Sur le Service européen d’action extérieure, je me réjouis, bien sûr, de voir la mise en place de notre ami Pierre Vimont, notre ambassadeur à Washington, dans un poste parfaitement stratégique, puisqu’il est le secrétaire général du service européen d’action extérieure européen, et ce dans une équipe de quatre personnes. Il est le primus inter pares, à côté de Mme Ashton.

Il y aurait beaucoup à dire, et l’heure est tardive. Vous demandiez si nous sommes satisfaits de tout cela ? Oui, et nous y travaillons. Il faut faire en sorte que ce service soit un plus pour la politique étrangère de la France et des États sur les sujets que nous considérons comme clés.

Il y a des domaines sur lesquels nous avançons, comme sur les sanctions à l’encontre de l’Iran : l’Europe est capable de prendre des décisions, ensemble et en européens.

Sommes-nous satisfaits de la place des Français dans le dispositif ? Je dispose de chiffres. Au terme de la première série de recrutement menée dans le Service européen d’action extérieure, douze délégations de l’Union européenne sont dirigées par des Français à partir de cet automne, contre dix-sept jusqu’à présent. Mais il faut relever qu’il s’agit de Français qui sont en poste à la Commission européenne.

Dans les mois à venir, nos efforts devront davantage se porter sur les candidats issus de nos services diplomatiques. Il est à noter que ni la France ni le Royaume-Uni, qui ont pourtant les deux plus importants services diplomatiques de l’Union européenne, n’ont obtenu des postes d’ambassadeur. Peut-être faut-il que l’on regarde cette situation de très près.

Enfin, je tiens à évoquer ce qui s’est produit aux Nations unies, et que M. del Picchia a souligné. Cela m’a frappé et est très peu sorti dans la presse française. L’Union européenne a souhaité être représentée de façon digne à l’Assemblée générale des Nations unies.

Tel n’est pas le cas aujourd’hui puisque les nouveaux représentants de l’Union européenne, le président du Conseil européen, le Haut Représentant de l’Union pour les affaires étrangères et la politique de sécurité‎, la Commission européenne et les délégations de l’Union européenne sont considérés comme les représentants d’une organisation internationale. Ils n’ont donc qu’un statut d’observateur ; ils n’ont pas le droit de participer aux débats et de prendre la parole.

Une résolution visait à donner à l’Union européenne une place, en tant que personne morale, au sein de l’Assemblée générale de l’ONU. Or, le 14 septembre 2010 – cela a été passé sous silence, en tout cas dans les presses française et européenne –, la résolution visant à corriger cette anomalie a été ajournée. Cet ajournement s’est produit à l’initiative, tenez-vous bien, des pays d’Afrique, des Caraïbes et du Pacifique. La majeure partie des ACP, la Chine et la Russie ont voté cette motion de procédure. Des pays proches, comme le Canada, l’Australie et la Nouvelle-Zélande, se sont abstenus.

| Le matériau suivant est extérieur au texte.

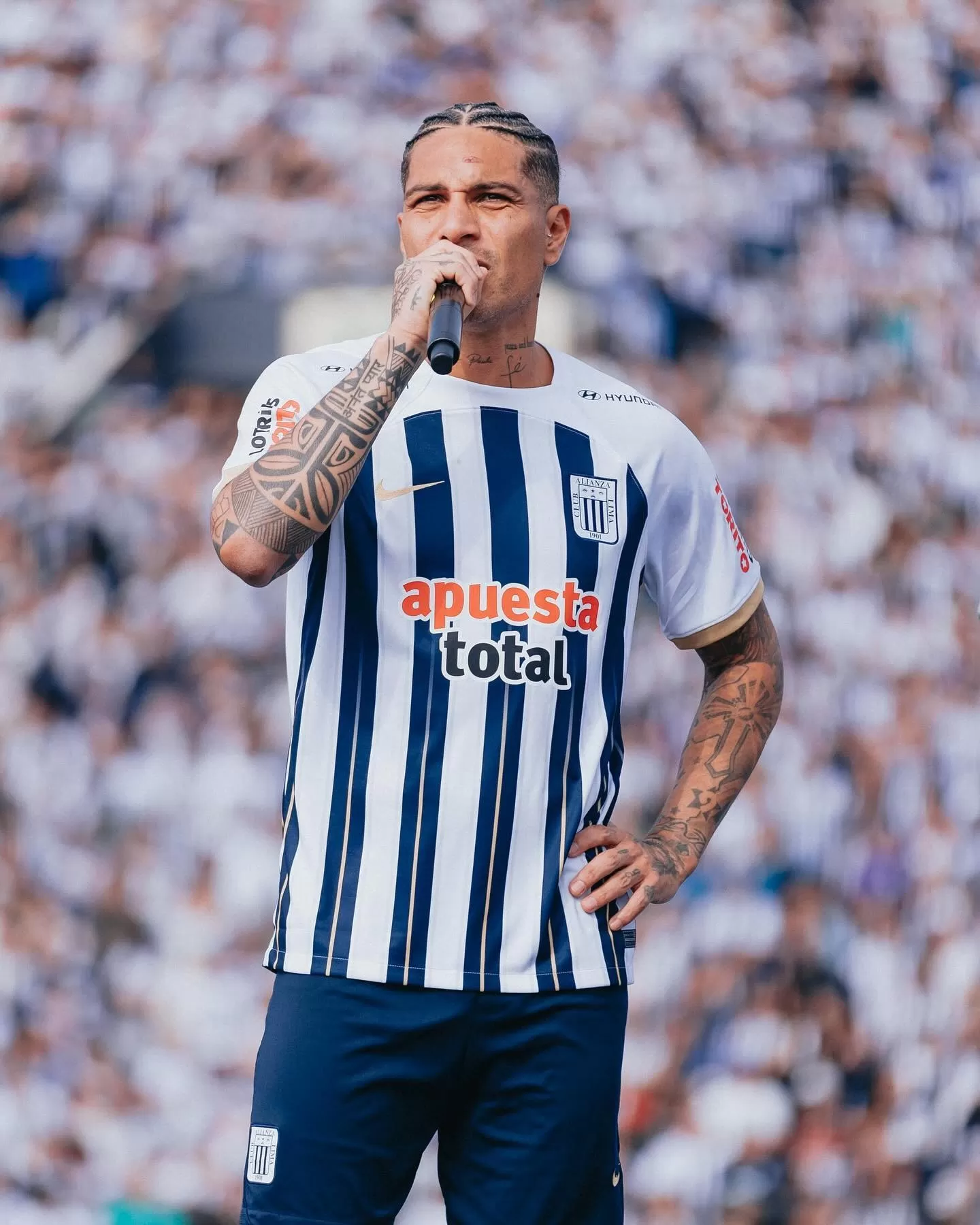 Paolo Guerrero en su discruso de regreso a Alianza Lima se refirió a Ana Paiula Consorte/Foto: Instagram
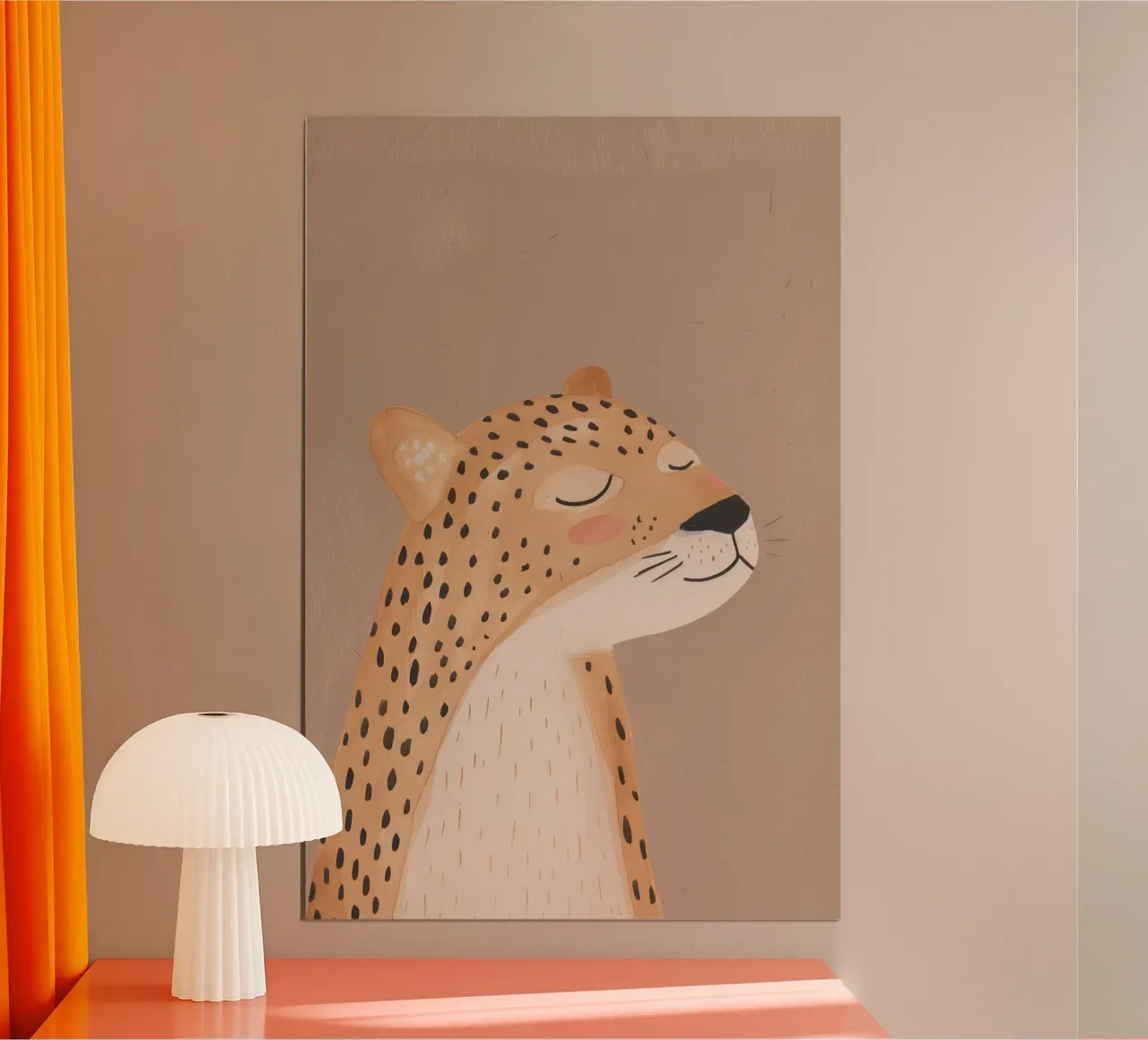 Cute Leopard, Kids Nursery Print, Children's Illustration hahnemühle by Little Lola
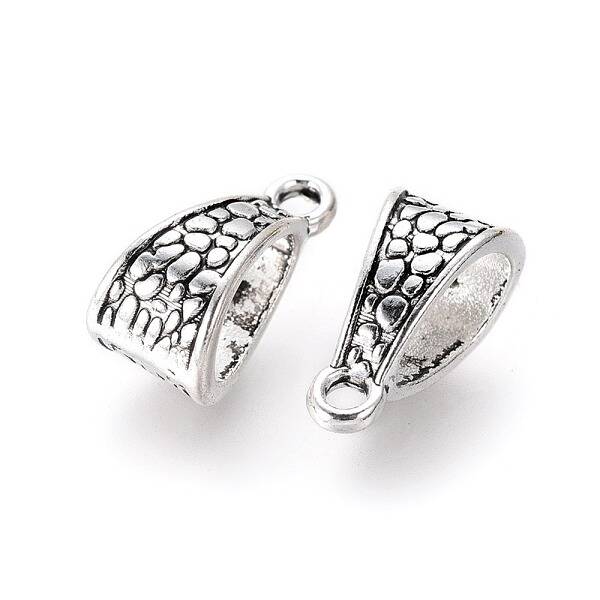 Tibetan Style Alloy Tube Bails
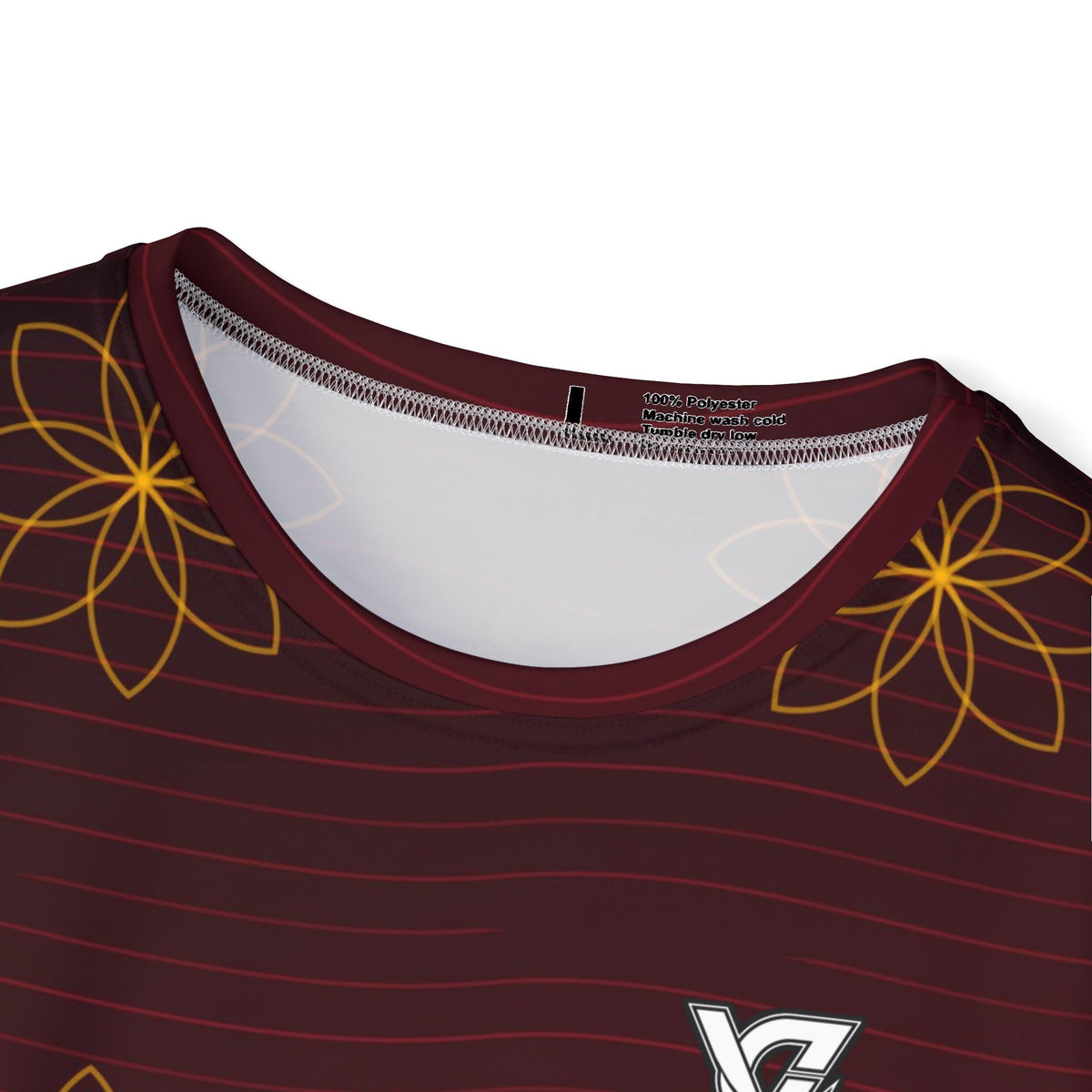 Yoga Crimson Blaze Flow Lotus Men's Sports Jersey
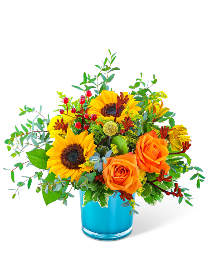 Sunflowers in Topaz Flower Arrangement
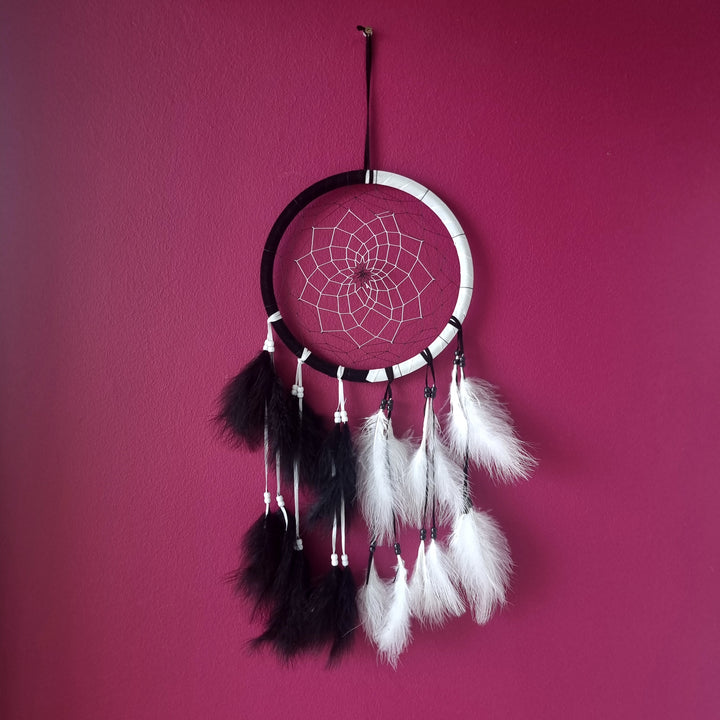 Yin & Yang Dreamcatcher - Wildlings Crystals South Africa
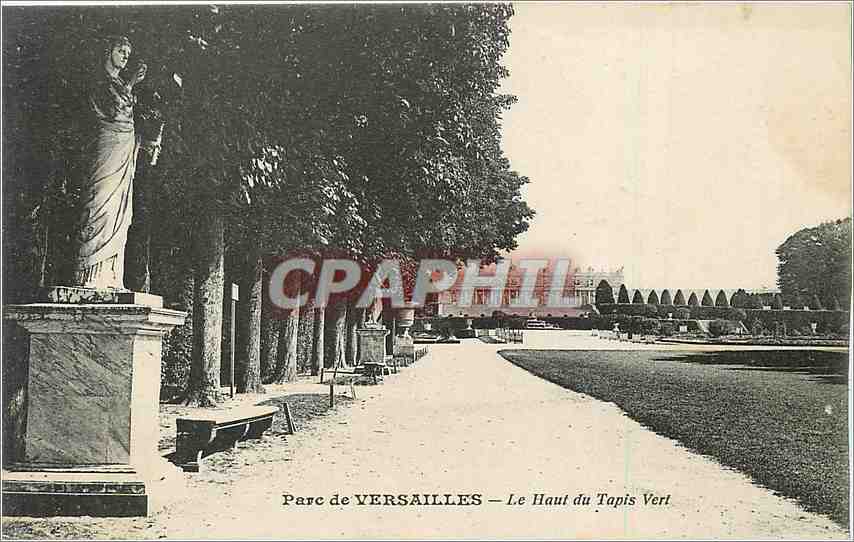 CPA Parc de Versailles Le Haut du Tapis Vert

Voilà qui en dit long lorsque nous, européens, continuons de nous considérer comme le centre du monde et faisons des discours que je trouve, parfois, exagérément empreints d’autosatisfaction. J’ai eu l’occasion de le dire hier au représentant de la Commission qui expliquait que tout allait bien et que l’Europe rayonnait dans le monde.

L’Europe ne parvient pas à se faire admettre à l’assemblée générale des Nations unies, alors qu’elle dispose de la personnalité morale, qu’elle a un président stable, qu’elle a des choses à dire et que, surtout, elle distribue 60 % de l’aide mondiale au développement, soit presque 60 milliards de dollars par an. Lorsque l’Europe subit – il n’y a pas d’autre mot – un affront de cette ampleur, je crois que cela donne à méditer.

Je travaille activement, avec mes collègues, à la mise en œuvre d’un service d’action extérieure européen efficace. Je vous le dis franchement : nous avons aujourd’hui un service, mais pas encore de politique étrangère, et encore moins le respect, qu’il nous reste à construire et à mériter, des grands acteurs du monde de demain. Quand nous n’obtenons pas l’accès à l’Assemblée générale de l’ONU, il nous reste à obtenir le respect de la Chine et des autres. C’est cela la réalité de l’Europe, et non pas les grands discours.

Pour reprendre un propos du général de Gaulle, je ne suis pas là pour sauter comme un cabri en disant : l’Europe, l’Europe, l’Europe, tout va bien ! Nous avançons – c’est difficile. Il faut maintenir cette volonté en permanence.